Он положил трубку на ступеньки, достал фляжку и снова отхлебнул. То ли действительно был алкоголиком, то ли считал, что не пришло время раскрываться.
— Ладно, побалагурили и хватит, — сказал я. — Считаете, что Марко погиб насильственной смертью?
— Так же, как считаете вы, — пробурчал Борацци, вновь прикладываясь к фляжке. — Не заметил на вашем лице удивления, когда сообщил о выжженном мозге.
— Какую еще информацию вы можете сообщить по результатам вскрытия?
— Мизерную, — буркнул Борацци. — Ориентировочно смерть наступила в половине двадцать шестого часа местного времени от внезапной остановки сердца.

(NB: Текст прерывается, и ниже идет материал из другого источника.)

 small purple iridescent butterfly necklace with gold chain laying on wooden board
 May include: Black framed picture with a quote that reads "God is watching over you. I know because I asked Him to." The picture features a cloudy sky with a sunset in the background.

Отнюдь не криминальная причина, хотя в медицинской карте патологий сердечной деятельности у Марко Вичета не отмечено. Но даже с абсолютно здоровыми людьми такое иногда случается, и если бы не сожженный мозг и то, что труп сбросили с платформы, причины смерти выглядели бы вполне естественными.
— Как он мог упасть на плато, если защитное поле не отключалось?
— Этого я не знаю, это ваша прерогатива. Я же могу констатировать, что труп Марко Вичета упал с километровой высоты, о чем свидетельствуют характерные повреждения тела.
— Что еще?
— Больше ничего интересного. Вряд ли вас заинтересует, что он ел на ужин, что пил. Ни алкоголя, ни наркотических или токсичных веществ в крови не обнаружено.
— Следы на одежде?
— Со времени смерти до момента обнаружения прошло более шести часов. А биотраттовая ткань комбинезона удаляет самые сильные загрязнения за три часа. Не пробовали вытирать жирные пальцы о комбинезон? Через пятнадцать минут и следов от пятен не останется.
— Предпочитаю вытирать руки салфетками.
— Надо же! — не преминул съязвить Борацци. — Неужели во время обеда вы пользуетесь вилкой и ложкой?
Я пропустил колкость мимо ушей.
— Что у него было в кулаке?
— Ничего.
— Вы полагаете, что пальцы могли рефлекторно сжаться в кулак во время остановки сердца?
— Вряд ли. Мышцы предплечья в момент смерти были напряжены так, будто он собирался кого-то ударить.